The Basics of Category Theory (Part 5)

In the previous post, we discussed natural transformations.

(A pdf notes version of the same material can be found under the mathematics page.)

1.5 Universal Properties

In this section, we give a definition of what the oft-quoted phrase “universal property” means. Before we begin, let us provide some motivation for this somewhat abstract concept. When we study a mathematical object, there are frequently two ways we can understand it. The first is opening the blackbox and examining its concrete construction. For example, we may understand the free product of two groups G_1,G_2 through the conventional process of explaining what “words” and “reduced words” mean, how to reduce words, etc. The second way is just treat it as a black box and examine instead the relationships between the object-of-interest and other objects. If there is a certain aspect of the relationship web that is specific to the object-of-interest, then it is as valid a defining feature as the concrete construction.
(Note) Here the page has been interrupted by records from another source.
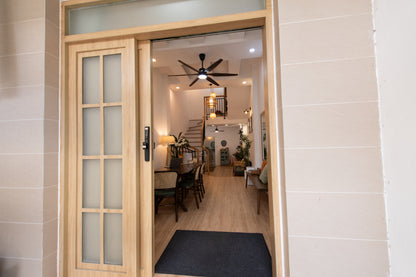LYLAC Home Saigon HHH - Beautiful City Center 5BR Townhouse in D1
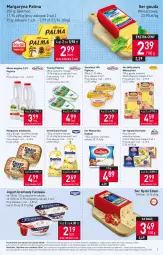 Gazetka promocyjna Stokrotka - Market - Gazetka - ważna od 15.03 do 15.03.2023 - strona 5 - produkty: Mozzarella, Ser topiony, Rycki Edam, Warzywa, Top, Ser, Smakowita, Twaróg, Piątnica, Jogurt, Palma, Serek, Margaryna, Edam, Hochland, Galbani, Fanta, Danio, Owoce, Gouda, Mięso, Mleko, Fa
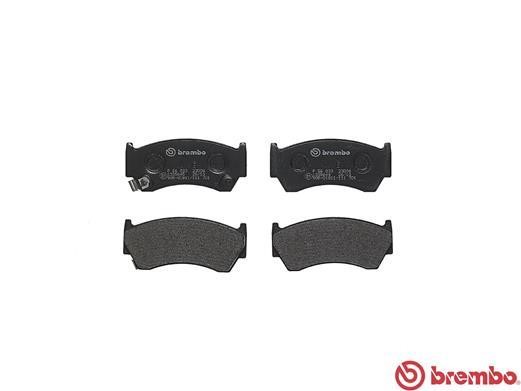 Купить Brembo P56033 – отличная цена на EXIST.UA!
In fact, take a moment to contemplate about the broader philosophy of mathematics: when we make constructions, we care more about the utilities and functionalities of the constructions than the exact recipes that go into them. In category theory, things happen only when objects “talk” to each other. It is for this reason that the second way of understanding the purpose of objects via universal properties outshines the first way of looking at concrete constructions.

The word “relationship” suggests that universal properties will involve studying morphisms surrounding the object-of-interest, rather than the object itself. This should not be surprising given our previous discussion surrounding the equivalence of categories, where we focused on morphisms because we cared more about matching isomorphism classes rather than individual objects. In fact, when we use universal properties to describe objects-of-interest, we do not care about the variety of possible concrete constructions that lead to the same universal property – all these possibilities will turn out to be isomorphic.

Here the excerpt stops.